PROBLEM REQUIREMENTS:
When you repeat the entries, reproduce each line exactly and omit every picture.

─── TASK INPUT

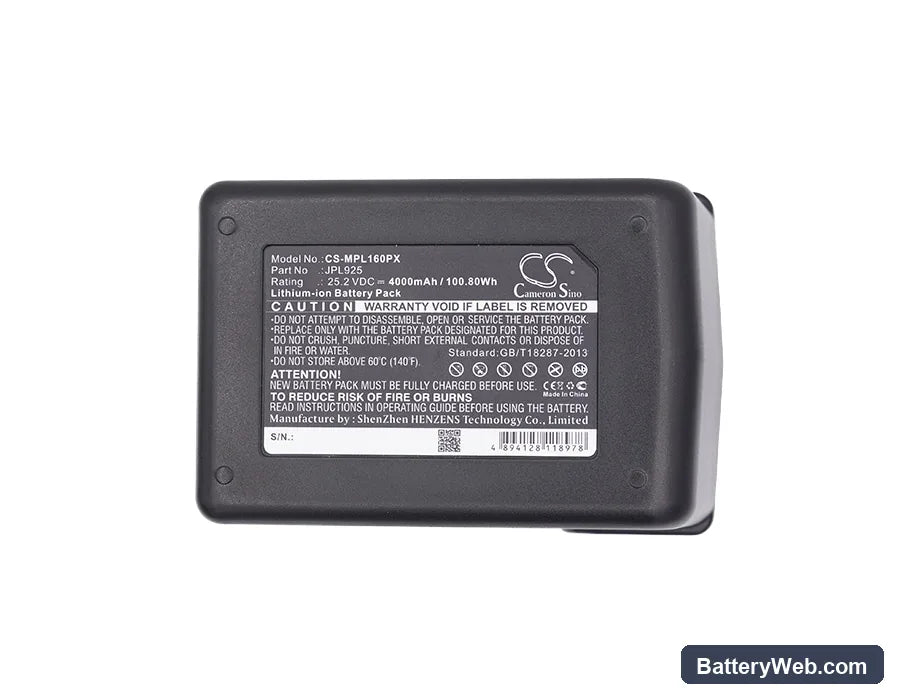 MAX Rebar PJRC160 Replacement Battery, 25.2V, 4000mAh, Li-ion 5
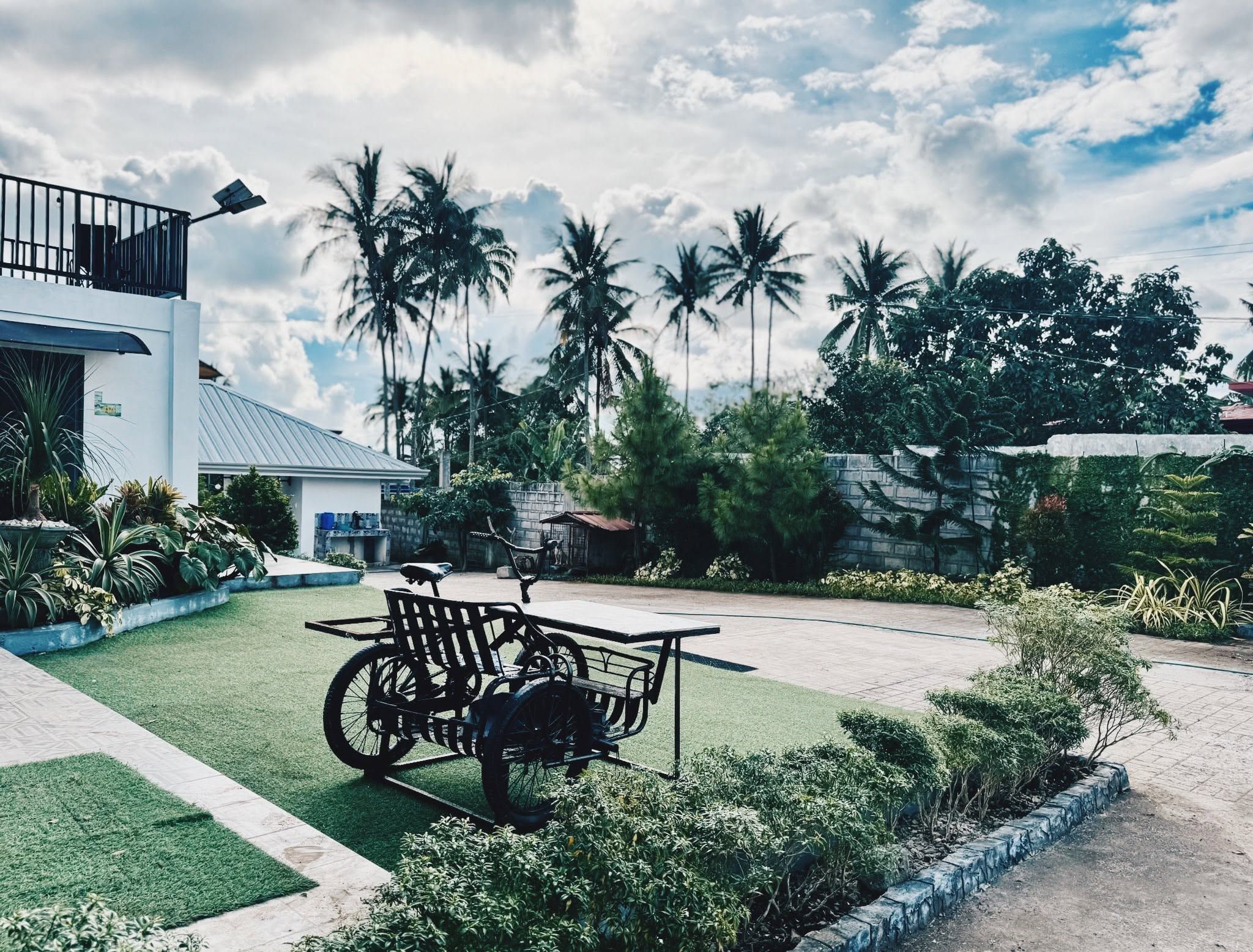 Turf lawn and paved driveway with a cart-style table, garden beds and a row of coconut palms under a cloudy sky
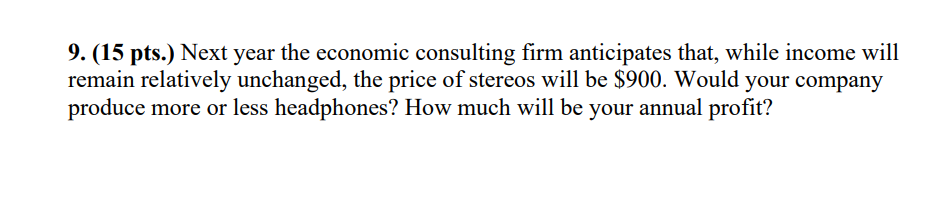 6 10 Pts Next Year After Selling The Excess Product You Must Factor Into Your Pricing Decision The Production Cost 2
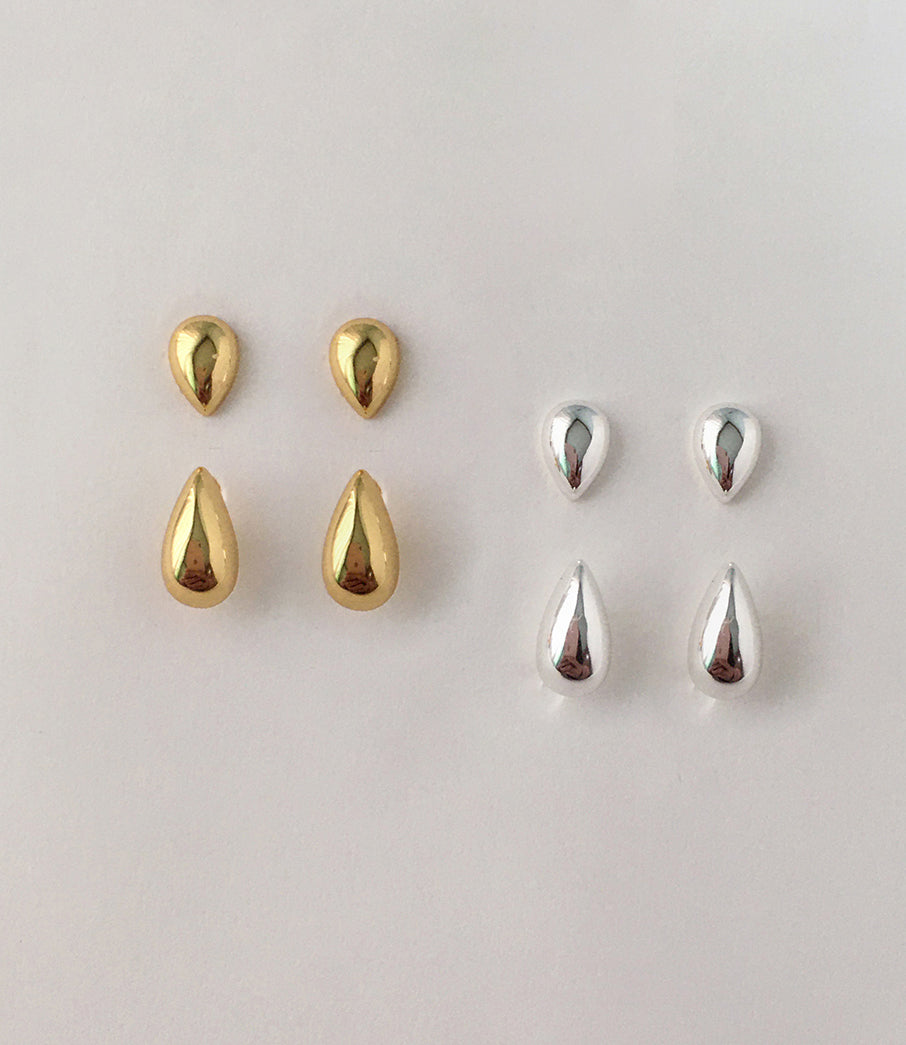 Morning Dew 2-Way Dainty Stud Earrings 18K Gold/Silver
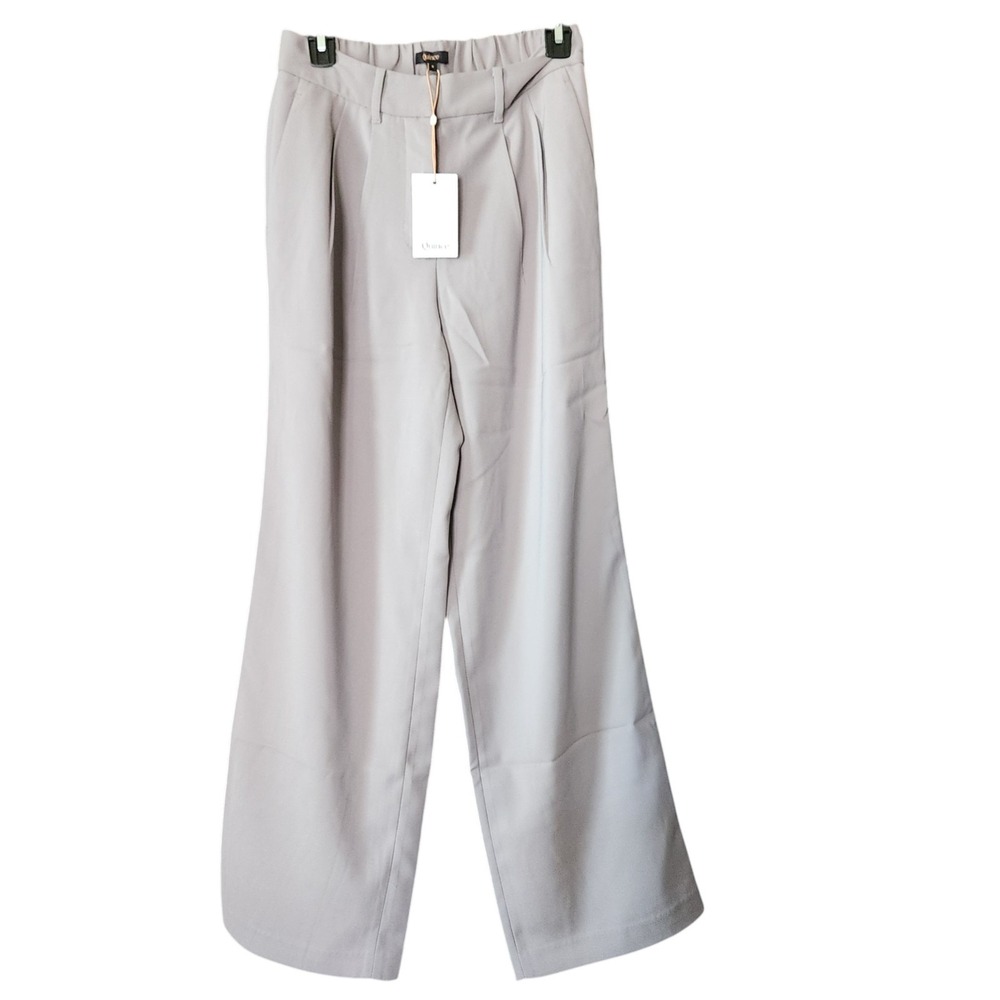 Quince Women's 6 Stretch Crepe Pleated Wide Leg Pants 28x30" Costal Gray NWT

──────

EXERCISE SOLUTION:
 MAX Rebar PJRC160 Replacement Battery, 25.2V, 4000mAh, Li-ion 5
 Turf lawn and paved driveway with a cart-style table, garden beds and a row of coconut palms under a cloudy sky
 6 10 Pts Next Year After Selling The Excess Product You Must Factor Into Your Pricing Decision The Production Cost 2
 Morning Dew 2-Way Dainty Stud Earrings 18K Gold/Silver
 Quince Women's 6 Stretch Crepe Pleated Wide Leg Pants 28x30" Costal Gray NWT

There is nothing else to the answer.